:: Supplied material ::
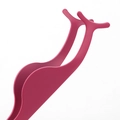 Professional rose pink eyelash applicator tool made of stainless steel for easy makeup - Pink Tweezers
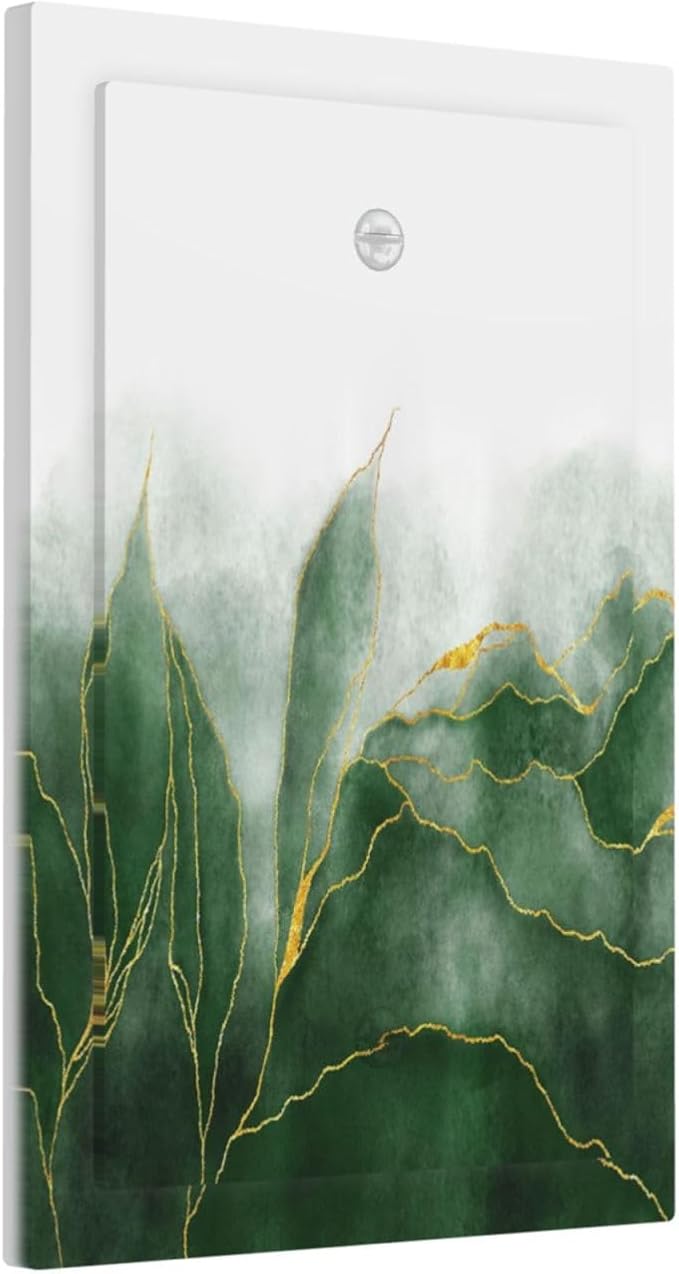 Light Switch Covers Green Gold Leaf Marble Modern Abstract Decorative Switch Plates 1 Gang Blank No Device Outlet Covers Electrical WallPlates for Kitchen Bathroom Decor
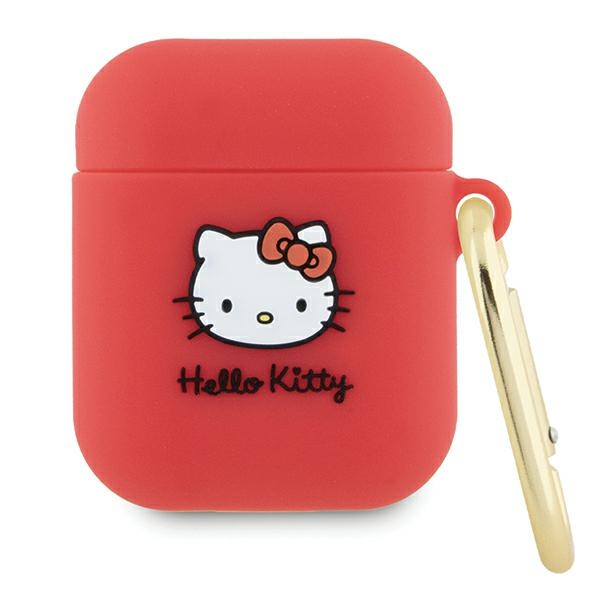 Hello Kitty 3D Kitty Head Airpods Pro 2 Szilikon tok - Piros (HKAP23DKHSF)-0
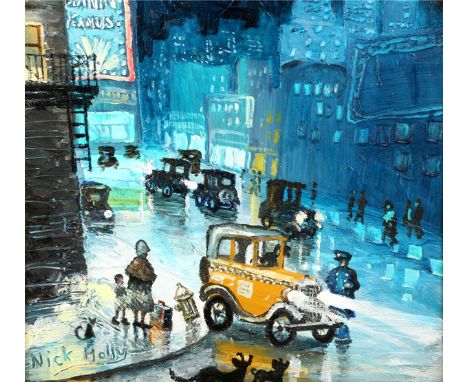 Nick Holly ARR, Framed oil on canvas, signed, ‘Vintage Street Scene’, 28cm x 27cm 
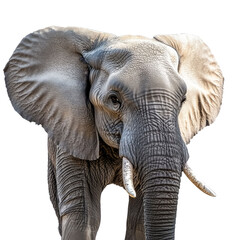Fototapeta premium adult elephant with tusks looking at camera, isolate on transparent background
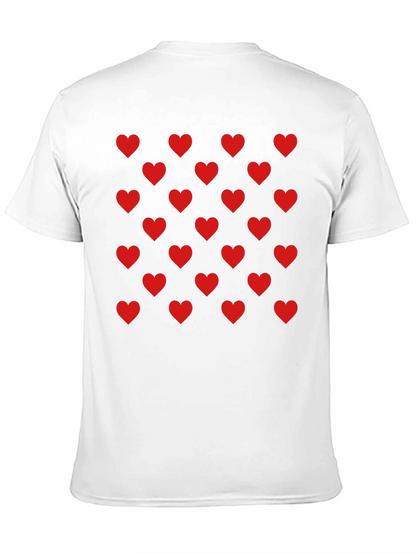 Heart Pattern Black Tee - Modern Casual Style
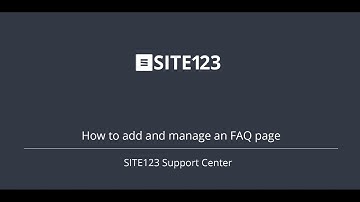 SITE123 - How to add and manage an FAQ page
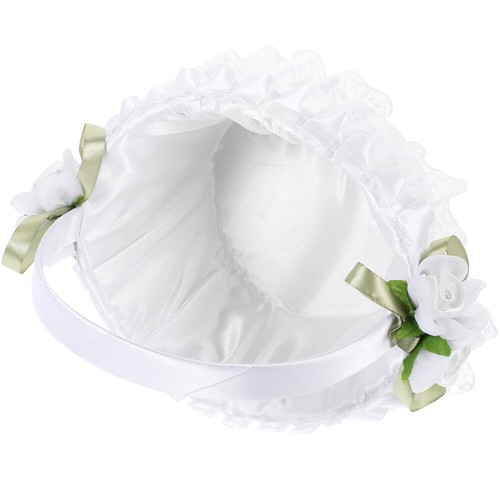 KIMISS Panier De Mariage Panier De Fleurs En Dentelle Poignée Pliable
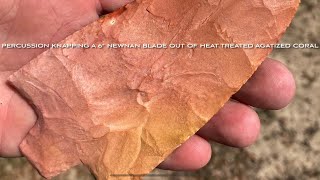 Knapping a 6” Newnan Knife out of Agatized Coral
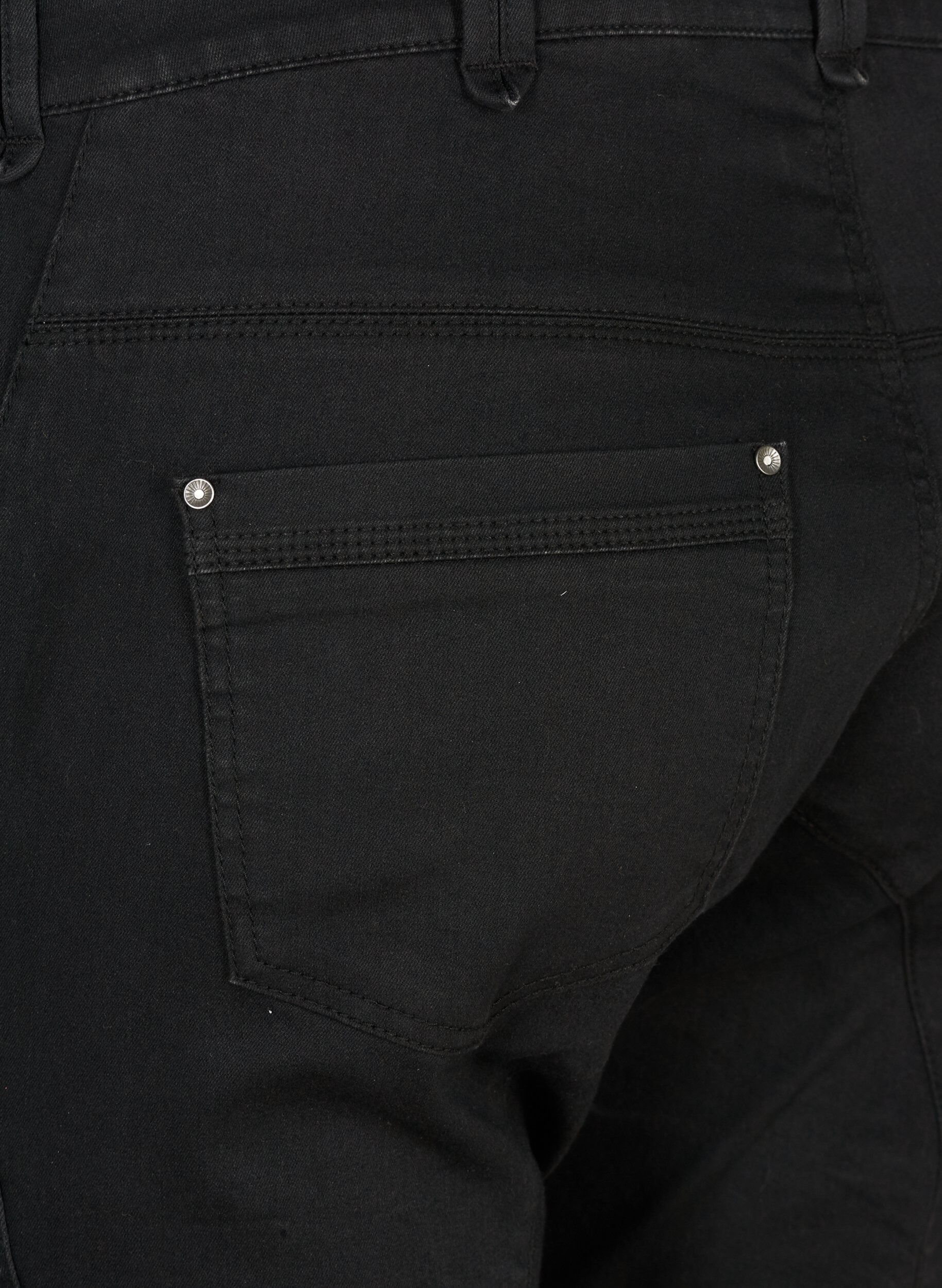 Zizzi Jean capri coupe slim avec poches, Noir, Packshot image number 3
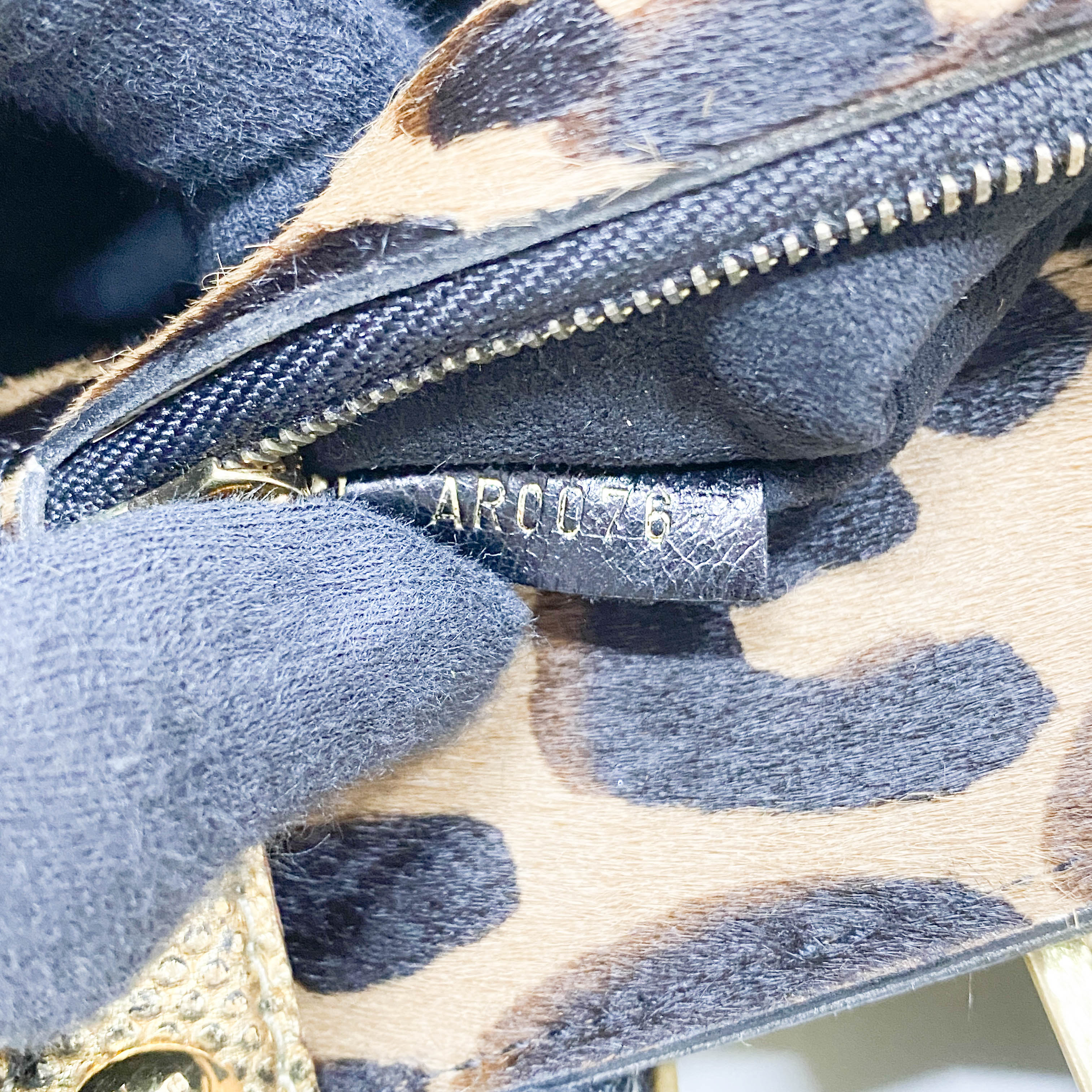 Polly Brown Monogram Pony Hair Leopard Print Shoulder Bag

:: Work item ::
The data above are to be repeated word for word, with any pictures left out.

:: Reply ::
 Professional rose pink eyelash applicator tool made of stainless steel for easy makeup - Pink Tweezers
 Light Switch Covers Green Gold Leaf Marble Modern Abstract Decorative Switch Plates 1 Gang Blank No Device Outlet Covers Electrical WallPlates for Kitchen Bathroom Decor
 Hello Kitty 3D Kitty Head Airpods Pro 2 Szilikon tok - Piros (HKAP23DKHSF)-0
 Nick Holly ARR, Framed oil on canvas, signed, ‘Vintage Street Scene’, 28cm x 27cm 
Fototapeta premium adult elephant with tusks looking at camera, isolate on transparent background
 Heart Pattern Black Tee - Modern Casual Style
 SITE123 - How to add and manage an FAQ page
 KIMISS Panier De Mariage Panier De Fleurs En Dentelle Poignée Pliable
 Knapping a 6” Newnan Knife out of Agatized Coral
 Zizzi Jean capri coupe slim avec poches, Noir, Packshot image number 3
 Polly Brown Monogram Pony Hair Leopard Print Shoulder Bag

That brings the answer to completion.